(Problem statement):
Leaving out every picture, copy the lines of the material below exactly, from the line containing "Milou – Kappan" through the line containing "ANTÍDOTO. Sputnik, la".
(Dataset entries)
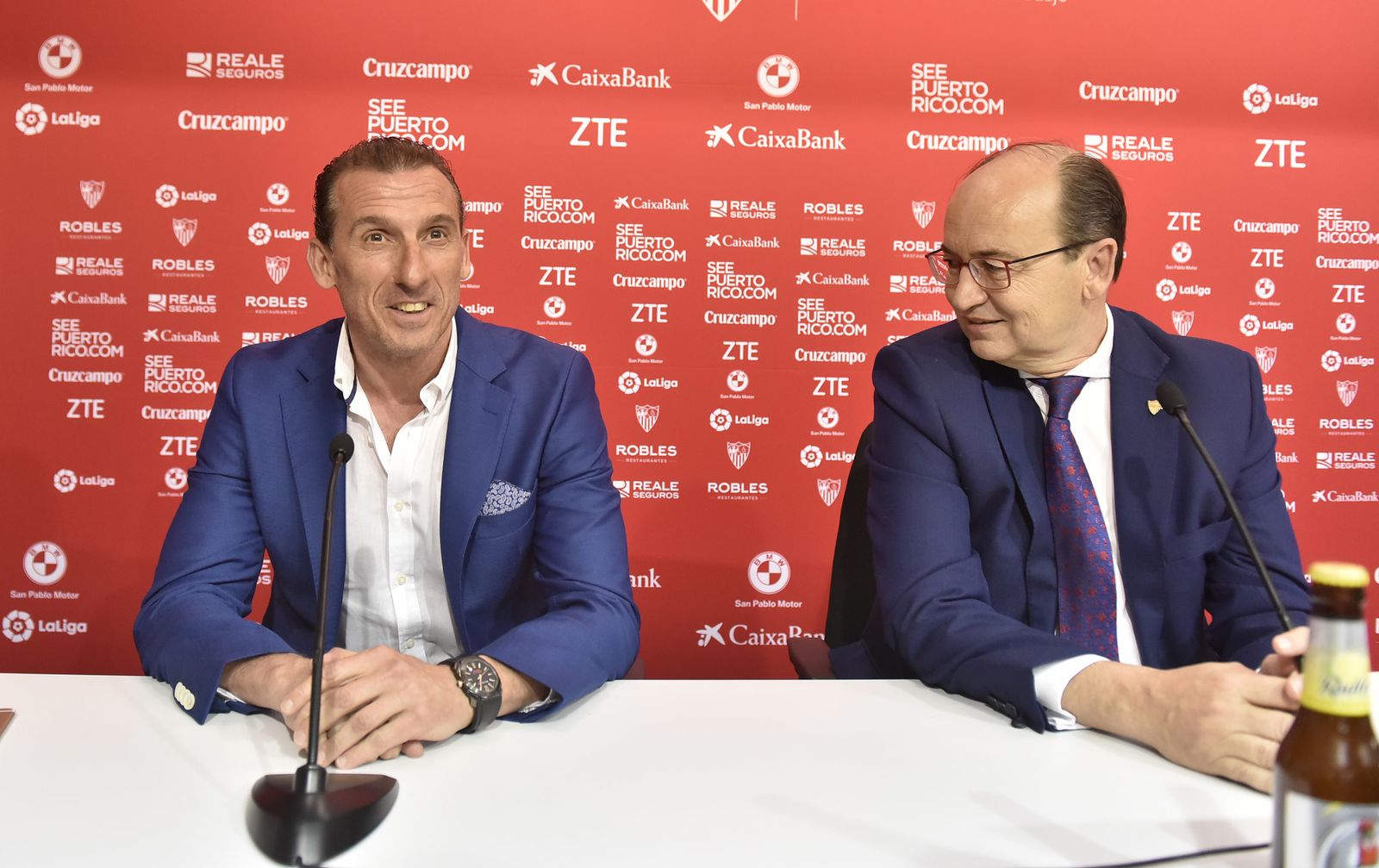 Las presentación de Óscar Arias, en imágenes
(End Dataset entries)
(Dataset entries)
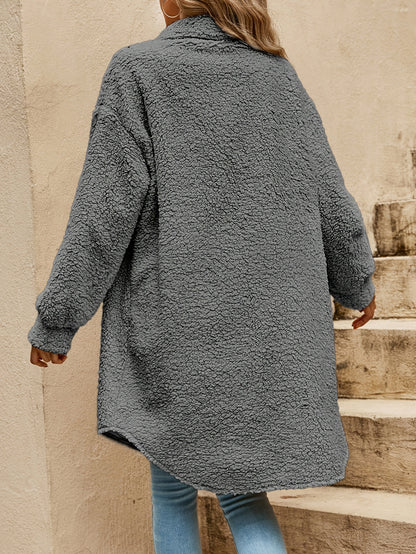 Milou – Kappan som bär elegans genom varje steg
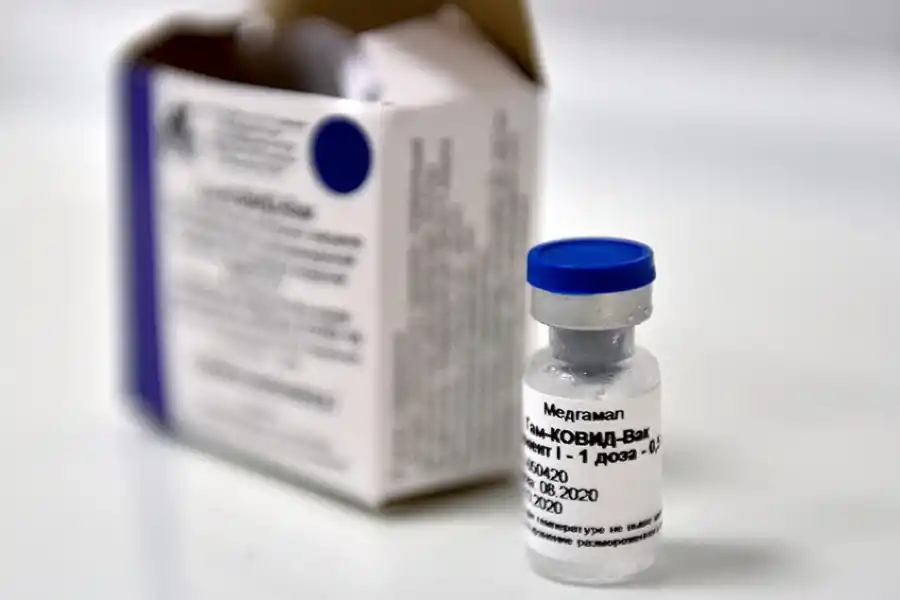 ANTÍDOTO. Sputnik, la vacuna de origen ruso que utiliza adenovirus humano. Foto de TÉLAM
(End Dataset entries)
(Your solution):
 Milou – Kappan som bär elegans genom varje steg
 ANTÍDOTO. Sputnik, la vacuna de origen ruso que utiliza adenovirus humano. Foto de TÉLAM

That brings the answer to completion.